SOURCE: “G. K. C.,” in The Christian Century, Vol. XLIX, No. 22, June 1, 1932, p. 705.

Paradoxical always, Mr. Chesterton lives up to his reputation in this new collection of his poems. He has put into the book his whole paradoxical self—newspaper rhymester, with briefs like

Mince-Pies grant wishes: let each name his prize,
But as for us, we wish for more Mince-Pies;

anti-prohibition pamphleteer; Roman Catholic champion; foe of freakish modernist poetry; playboy of literature, with takeoffs on the classic poets, Wordsworth, Byron, Swinburne; master balladist, with his masterpiece, The Ballad of the White Horse in 100 pages; biting critic of nationalism, with his “The World State,” beginning,

Oh, how I love Humanity,
With love so pure and pringlish,
And how I hate the horrid French,
Who never will be English!

foe of war and war-makers, with poems like “Elegy in a Country Churchyard,” closing with

And they that rule in England,
In stately conclave met,
Alas, alas for England
They have no graves as yet;

true mystic, as in his poem “A Word,” beginning “A word came forth from Galilee, a word like to a star”; lover of beauty; battle against cranks—vegetarians, for instance.

All of Chesterton is here. Evidently this poet, unlike some others, has not looked forward to a time, a hundred years hence, when his poetic work might be weighed in the balance of critics, taking care that only his “best” is preserved. He is one poet who does not seem to take himself so very seriously. Every page of his book indicates that its author writes verse because he finds sheer delight in writing it—of all sorts, on all themes. And it is pleasant to run across just such a poet.

Chesterton can write tender poems, such as “The Song of the Children,” in which the little ones are grieving because

They have taken and slain our Brother,
And hanged Him on a tree.

He can write glorious, colorful poems, in ringing measures, as his “Lepanto,” beginning

White founts falling in the courts of the sun,
And the Soldan of Byzantium is smiling as they run.

Here is that brief poem, “The Donkey,” which upon its first publication was reprinted the English-speaking world over: the poem in which the despised beast of burden tells of its one glorious hour, when

There was a shout about my ears,
And palms before my feet.

Whether Chesterton writes as a pure poet, as a religious mystic, as a foe of war and injustice, as a champion of freedom, as a literary critic, he always writes effectively; his words go straight home.
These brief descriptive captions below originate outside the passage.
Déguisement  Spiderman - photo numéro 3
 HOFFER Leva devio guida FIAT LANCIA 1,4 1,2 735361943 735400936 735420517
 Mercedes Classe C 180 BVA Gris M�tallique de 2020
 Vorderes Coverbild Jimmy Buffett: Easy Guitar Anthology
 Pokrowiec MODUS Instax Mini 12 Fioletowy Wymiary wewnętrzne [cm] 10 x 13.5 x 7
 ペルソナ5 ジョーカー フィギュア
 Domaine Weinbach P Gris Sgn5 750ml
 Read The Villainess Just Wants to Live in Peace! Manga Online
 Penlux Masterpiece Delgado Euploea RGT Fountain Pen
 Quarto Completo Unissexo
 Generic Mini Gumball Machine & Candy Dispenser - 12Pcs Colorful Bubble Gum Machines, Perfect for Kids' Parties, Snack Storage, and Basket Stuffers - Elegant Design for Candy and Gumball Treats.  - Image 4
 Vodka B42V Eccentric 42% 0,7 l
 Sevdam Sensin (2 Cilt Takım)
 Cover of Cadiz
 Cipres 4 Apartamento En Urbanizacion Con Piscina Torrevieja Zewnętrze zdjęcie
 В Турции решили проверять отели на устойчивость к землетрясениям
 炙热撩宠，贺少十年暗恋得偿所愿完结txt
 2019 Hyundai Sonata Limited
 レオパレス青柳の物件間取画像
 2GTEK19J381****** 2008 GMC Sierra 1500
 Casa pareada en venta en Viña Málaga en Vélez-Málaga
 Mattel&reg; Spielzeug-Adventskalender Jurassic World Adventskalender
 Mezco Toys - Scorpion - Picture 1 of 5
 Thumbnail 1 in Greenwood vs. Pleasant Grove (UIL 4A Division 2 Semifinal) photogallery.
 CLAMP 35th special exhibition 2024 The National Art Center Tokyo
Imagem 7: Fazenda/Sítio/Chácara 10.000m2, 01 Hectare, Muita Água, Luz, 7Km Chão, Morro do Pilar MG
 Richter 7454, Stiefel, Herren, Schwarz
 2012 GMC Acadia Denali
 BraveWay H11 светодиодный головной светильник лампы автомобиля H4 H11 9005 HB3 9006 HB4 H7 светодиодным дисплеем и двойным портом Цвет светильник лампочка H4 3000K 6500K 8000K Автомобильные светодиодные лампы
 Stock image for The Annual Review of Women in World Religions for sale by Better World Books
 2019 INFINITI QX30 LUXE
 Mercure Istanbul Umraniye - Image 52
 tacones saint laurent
And in none of his poems is he more effective than in those in which he calls for a rebuilding of the world on the basis of justice and good will and brotherhood. If there were no poems in this new volume except those in which he attacks war and the inhumanity of our so-called civilization, it would still be one of the great books of poetry of this decade. His poem, “The Buried City,” belongs in our new Bible of poetry, out of these times and for these times. Here is the first stanza of this tremendous appeal:

You that go forth upon the buried cities,
Whose witchcraft holds the withered kings together,
Seals up the very air of ancient seasons,
Like secret skies walled up from the world's weather;
You that dig up dead towns—arise and strive:
Strike through the slums and save the towns alive!